A word-for-word copy is needed of the line containing "康师傅 方便面 经典红烧牛肉面103g*24袋 泡面袋装整箱速食 方便食品 实拍图" and every line after it through the end of the records below, leaving out all pictures.
::: Exercise data
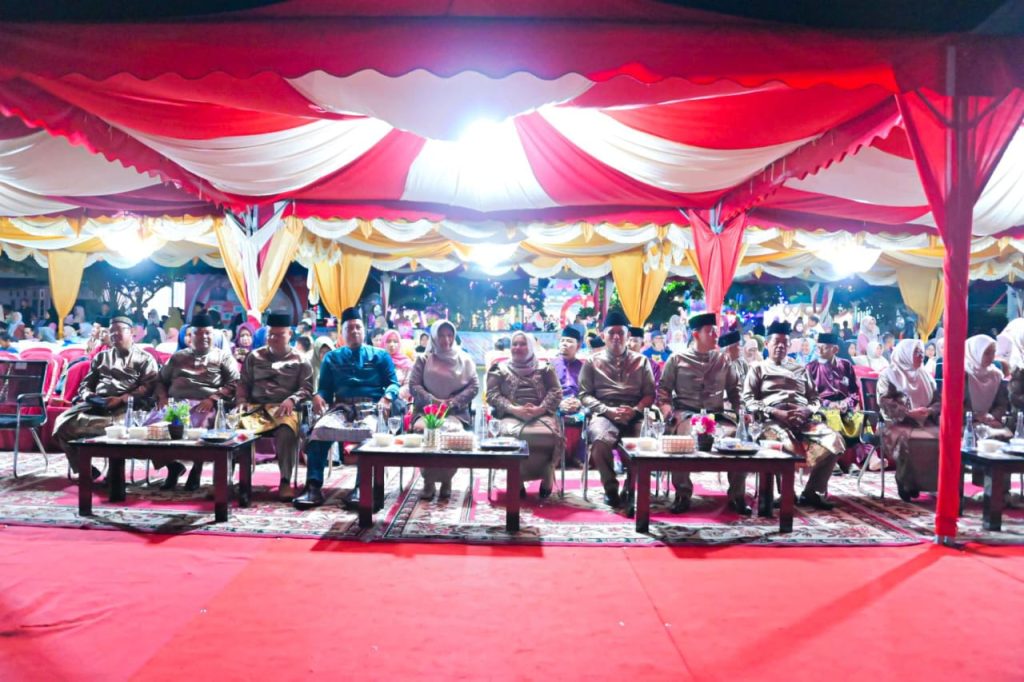 f18e9f99-da60-4c9d-acc5-206150a7016a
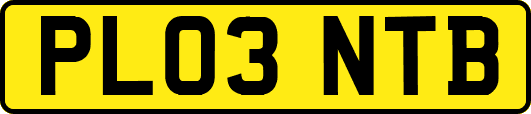 PL03NTB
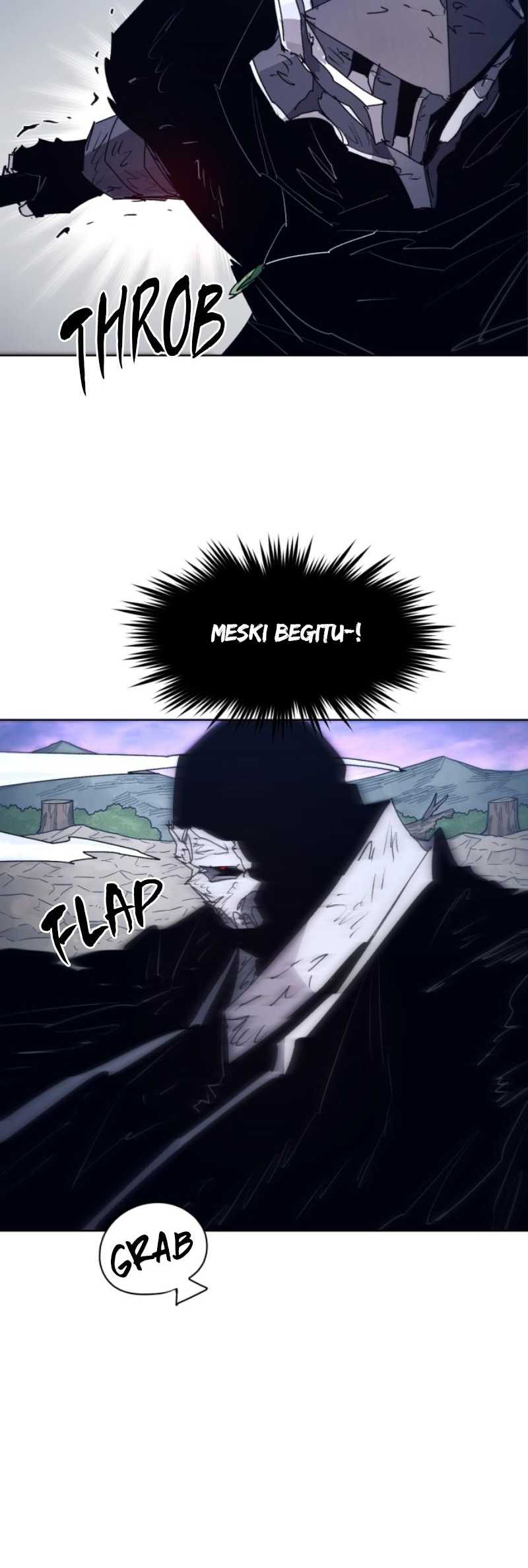 Chapter 86 - halaman 32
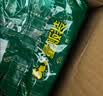 康师傅 方便面 经典红烧牛肉面103g*24袋 泡面袋装整箱速食 方便食品 实拍图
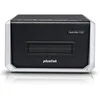Image de Plustek OpticFilm 135i - Scanner de Diapositives et Négatifs 35 mm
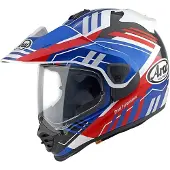 Arai Tour-x5 Trail Kokokypärä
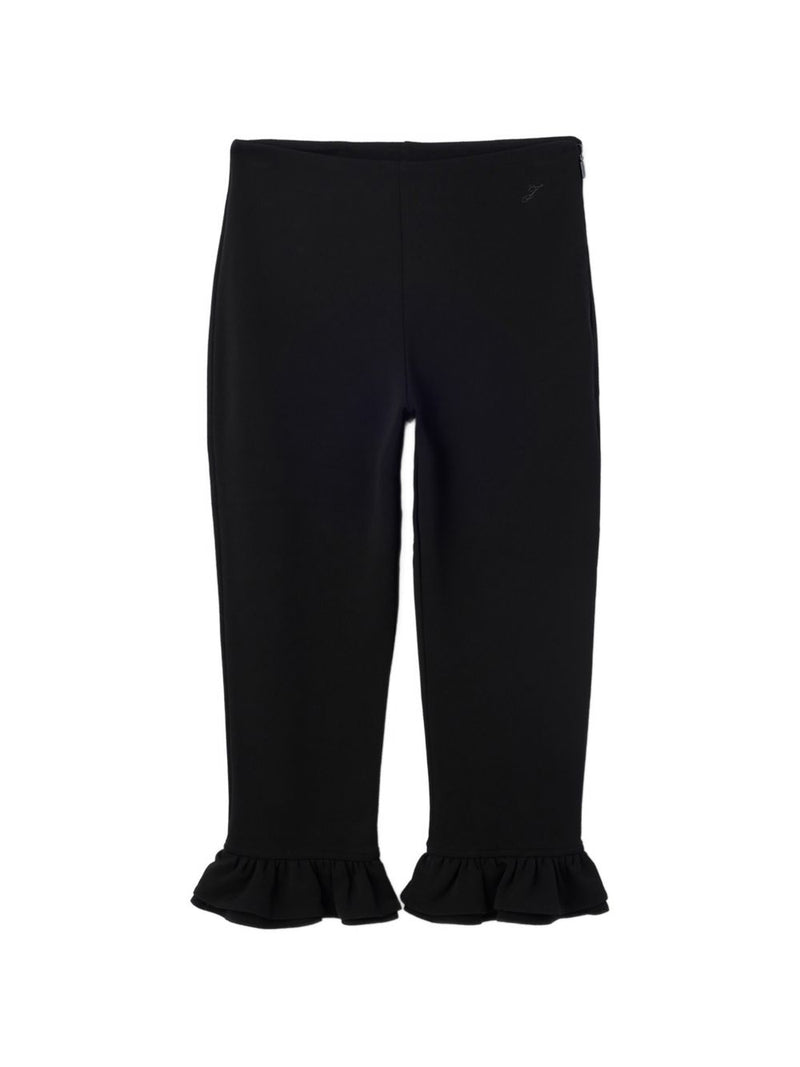 JACQUEMUS RESORT Jacquemus Le Bermuda Playa | Urbalenti... | Urbalenti™ NYC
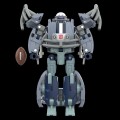 figurka-transformers-dallas-cowboys-starblitz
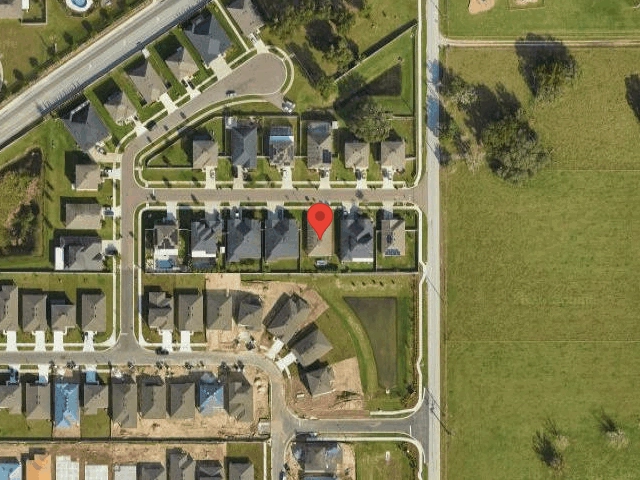 House image located at Thonotosassa, FL 33592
::::::
Exercise solution:
 康师傅 方便面 经典红烧牛肉面103g*24袋 泡面袋装整箱速食 方便食品 实拍图
Image de Plustek OpticFilm 135i - Scanner de Diapositives et Négatifs 35 mm
 Arai Tour-x5 Trail Kokokypärä
 JACQUEMUS RESORT Jacquemus Le Bermuda Playa | Urbalenti... | Urbalenti™ NYC
 figurka-transformers-dallas-cowboys-starblitz
 House image located at Thonotosassa, FL 33592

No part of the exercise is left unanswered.